CIQ raises $26M to promote free alternative to Red Hat Linux
Ctrl IQ Inc., which does business as CIQ, said today it has raised a $26 million early-stage funding round to advance an alternative to Red Hat Inc.’s Enterprise Linux operating system.
The Series A infusion brings the company’s total financing to $33 million and its valuation to $150 million, according to co-founder Gregory Kurtzer.
CIQ is the founding sponsor and services partner behind Rocky Linux, an open-source and community-maintained enterprise Linux distribution based on CentOS, which is a fully compatible version of RHEL. CIQ Chief Executive Gregory Kurtzer was a founder of both CentOS and Rocky Linux.
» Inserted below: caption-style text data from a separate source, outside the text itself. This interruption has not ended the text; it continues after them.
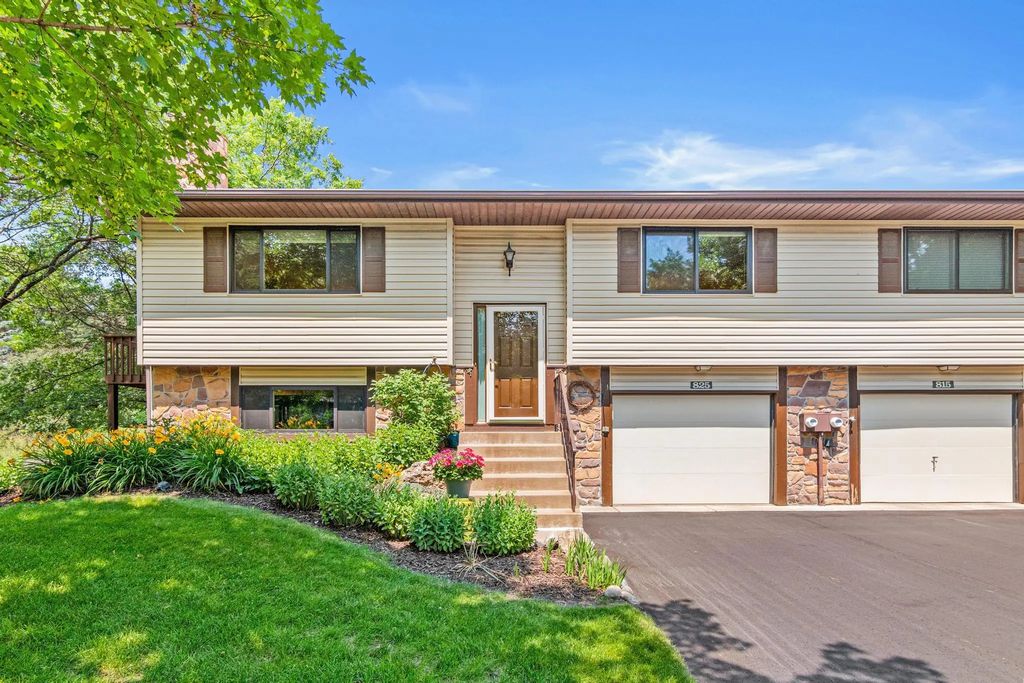825 Martha Lake Court, Shoreview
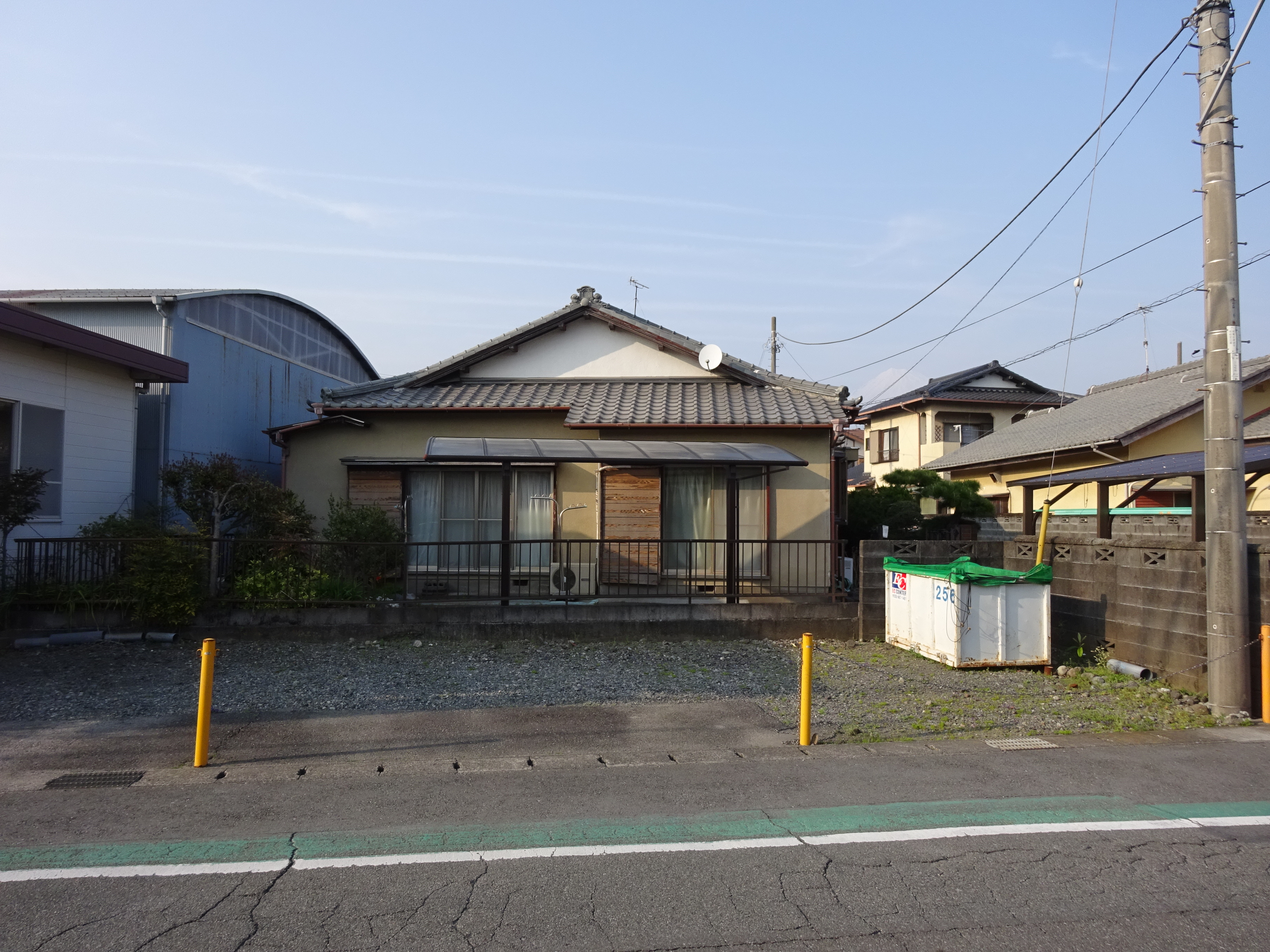 富士市松岡古小屋付き売り土地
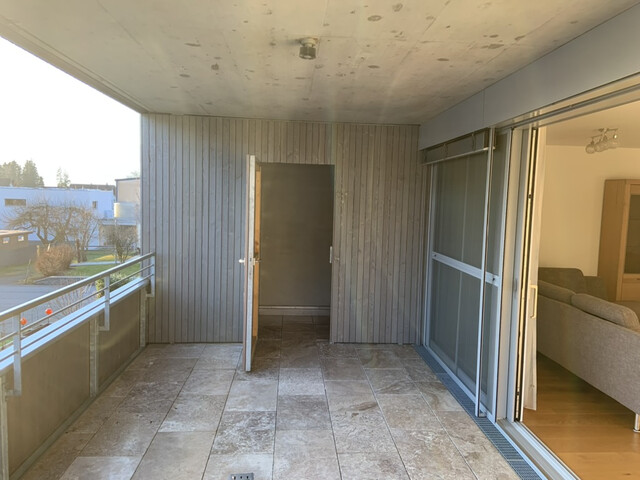 Moderne 4-Zimmer-Wohnung mit Terrasse, Tiefgaragenplatz und Kellerabteil in Muntlix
Red Hat has effectively managed CentOS since 2014, when it took possession of the trademark and hired many of CentOS’s developers. However, Red Hat said in late 2020 that it would terminate CentOS updates and transition to CentOS Stream, which is described as an “upstream development platform for ecosystem developers.”
The move to shift CentOS to being essentially a testbed for features that would be later incorporated into RHEL infuriated some users of CentOS, who “have been using it as a foundational piece of their infrastructure,” Kurtzer said. The repositioning has “affected us as customers in a very negative way.”
Rocky Linux was created to be a successor to CentOS that would remain a drop-in replacement for RHEL. “It gives us a way to help the operating system without holding it hostage,” he said. “RHEL is not freely available. You must buy it from Red Hat. Rocky is completely and freely available much like CentOS was. It is as close to what CentOS was as anything out there.”
CIQ said Rocky Linux has averaged more than 250,000 monthly downloads and installations since it was announced shortly after CentOS was put on ice. The source code is taken directly from RHEL and the Rocky Enterprise Software Foundation provides migration scripts for Red Hat customers who want to shift to the free version.
CIQ intends to monetize Rocky Linux through paid service offerings and custom-packaged repositories that include service-level agreements, updates, vulnerabilities and customizations. It also has enhanced security offerings such as the ability to block buffer overflow-based vectors, which are often used in malicious attacks, Kurtzer said.
The 30-person startup has received support from Google LLC, which last month said it will offer Rocky Linux as a tier 1, Google-optimized and -supported operating system.
The funding round was led by Two Bear Capital Operations LLC with other unnamed investors participating. Funding will be used to “scale the company to meet customer expectations and demand,” Kurtzer said.